On the other hand, Kenneth Morefield argues that the presence of doubt in the film, including that of Colton’s father, Todd Burpo, actually makes it a better movie:

By distributing skepticism evenly across all the characters, even the Christians, Heaven is For Real avoids much of the smugness that marred God’s Not Dead. Like that film, Heaven is For Real has a token atheist/skeptic who is actually angry at God rather than dubious of his existence.

But unlike that film, Heaven is For Real doesn’t force a conversion on the skeptic as a means of declaring its own intellectual victory. This film looks inward, using Colton’s story to ask Christians to think through what they really believe, rather than focusing all their energy on how to get non-Christians to believe it too.
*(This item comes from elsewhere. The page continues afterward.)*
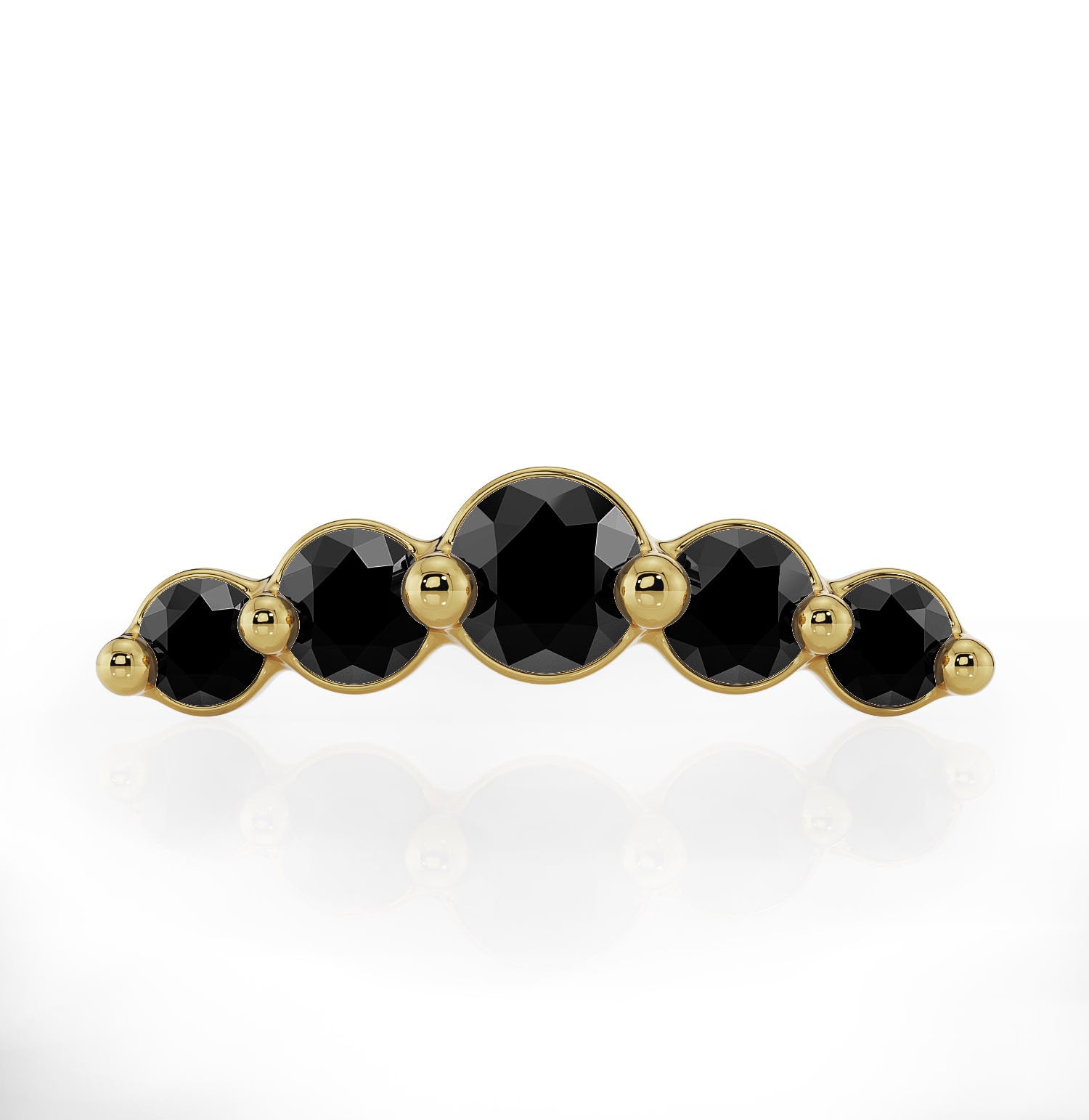 Mini Climber Black Diamond 14K Gold Flat Back Earring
Its dramatic highlight is a graveside conversation between Todd and Nancy (the always reliable Margo Martindale) that at least attempts to wrestle with the “why” questions. Why Colton? Why do so many prayers go unanswered? Why, if heaven is real, does death still sting so much, even for Christians?

Drew Dyck points out the gap between Colton’s vision of heaven and what we find in the Bible:

Some may be surprised that the Bible contains not one story of a person going to heaven and coming back. In fact Jesus’ own words seem to preclude the possibility: “No one has ever gone into heaven except the one who came from heaven the Son of Man” (John 3:13).

Scripture does contain several visions of heaven or encounters with celestial beings, but they’re a far cry from the feel-good fare of the to-heaven-and-back genre.

In Scripture, when mortals catch a premature glimpse of God’s glory, they react in remarkably similar ways. They tremble. They cower. They go mute. The ones who can manage speech express despair (or “woe” to use the King James English) and become convinced they are about to die. Fainters abound.

But, in another review of the film, Kyle Rohane reminds us that “ecstatic experiences are valuable, not because of the precise, objective details they reveal, but because they are subjective and personal”:

In 1224, Francis of Assisi witnessed a figure descending from heaven. This figure appeared to be a man but also a six-winged Seraph. He was affixed to a cross with two wings extended over his head, two covering his body, and two stretched out in flight. As Francis observed the figure’s radiant face, the figure smiled down at the monk. Francis was both overjoyed by the figure’s beauty and grieved by his suffering on the cross.

Do you think Francis pondered over the type of wood the cross was made of? Do you think he analyzed the ethnicity of the glorious figure? No, Francis understood his ecstatic experience to mean he would be made like the crucified Christ in mind and heart. The vision left him with a renewed commitment to and love of Christ.